▶ Exercise
In the listing that follows, retype every line from the first through the one containing "Адаптер UNITEK USB-C". Pictures are to be left out.

▶ Information supplied

"""

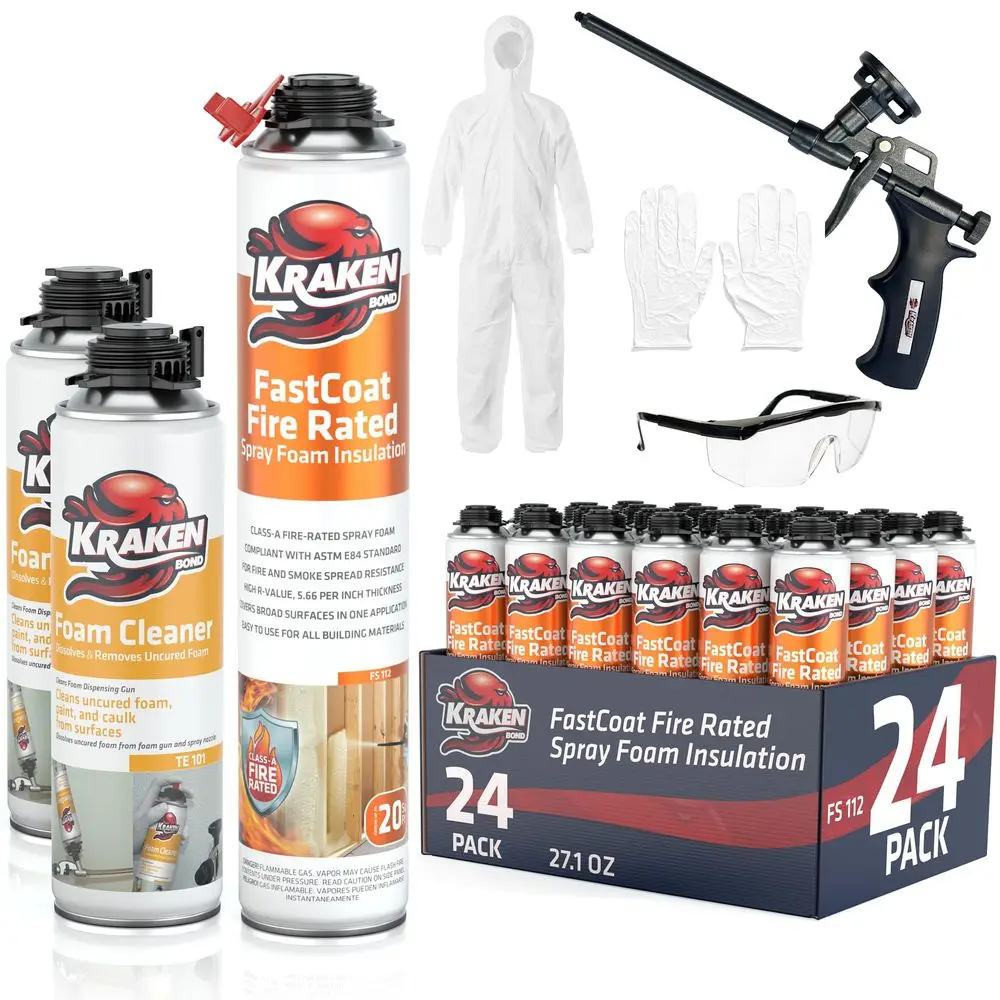 Fastcoat Fire Rated Spray Foam Insulation Closed Cell in a Can 480 sq ft 24x27.1 oz. RValue 11.32 2in Spray Foam for Garage Doo
Fastcoat Fire Rated Spray Foam Insulation Closed Cell in a Can 480 sq ft 24x27.1 oz. RValue 11.32 2in Spray Foam for Garage Doo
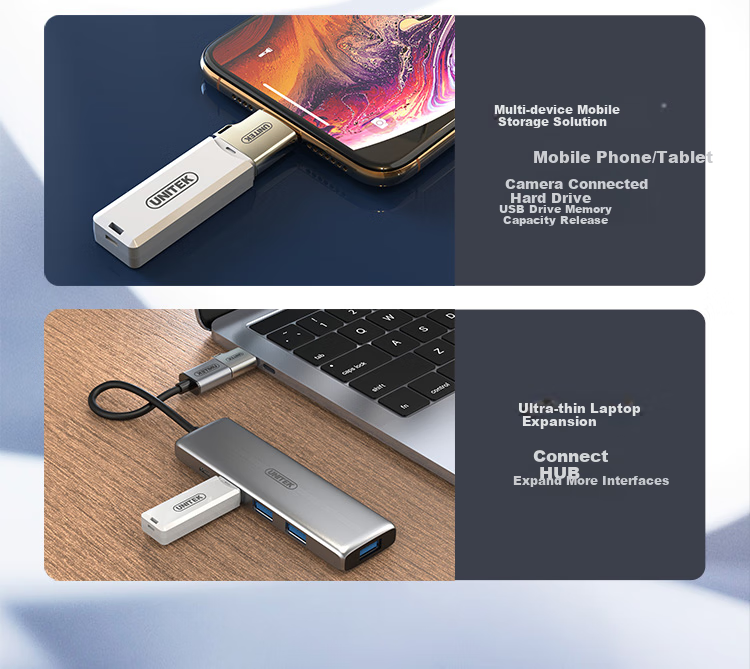 Адаптер UNITEK USB-C на USB 3.0 OTG Y-A025GNI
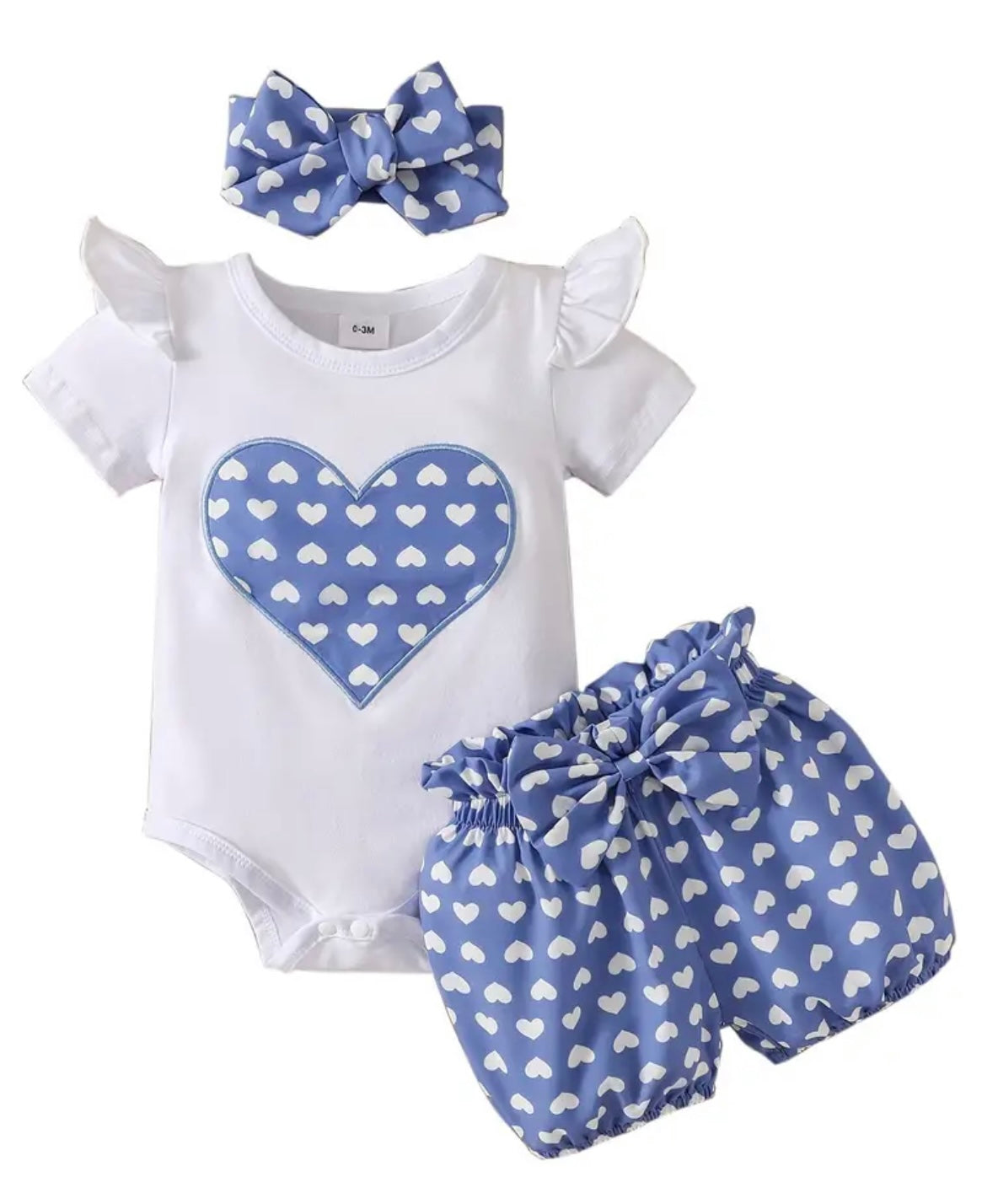 Cotton Ruffle Bodysuit, Matching Shorts & Heart-Printed Headband!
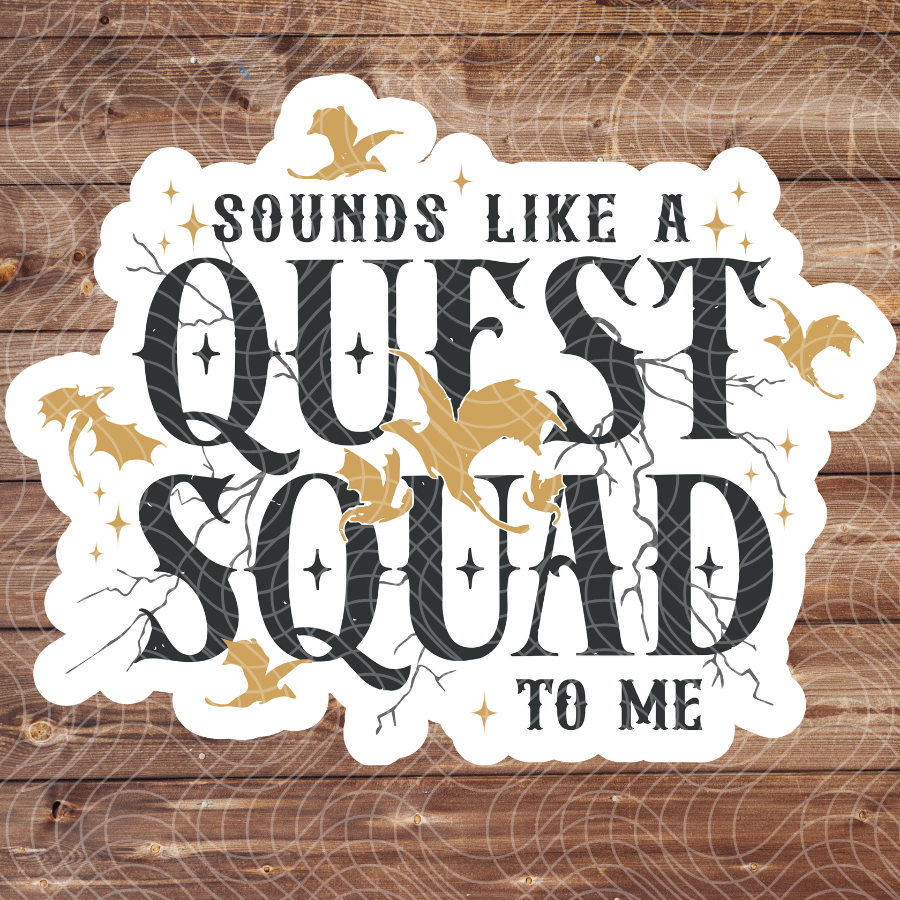 3" Quest Squad White FW Fantasy Book Dragon Vinyl Sticker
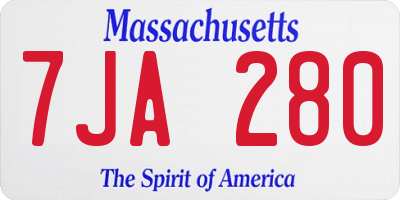 MA license plate 7JA280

"""

▶ Written solution
 Fastcoat Fire Rated Spray Foam Insulation Closed Cell in a Can 480 sq ft 24x27.1 oz. RValue 11.32 2in Spray Foam for Garage Doo
Fastcoat Fire Rated Spray Foam Insulation Closed Cell in a Can 480 sq ft 24x27.1 oz. RValue 11.32 2in Spray Foam for Garage Doo
 Адаптер UNITEK USB-C на USB 3.0 OTG Y-A025GNI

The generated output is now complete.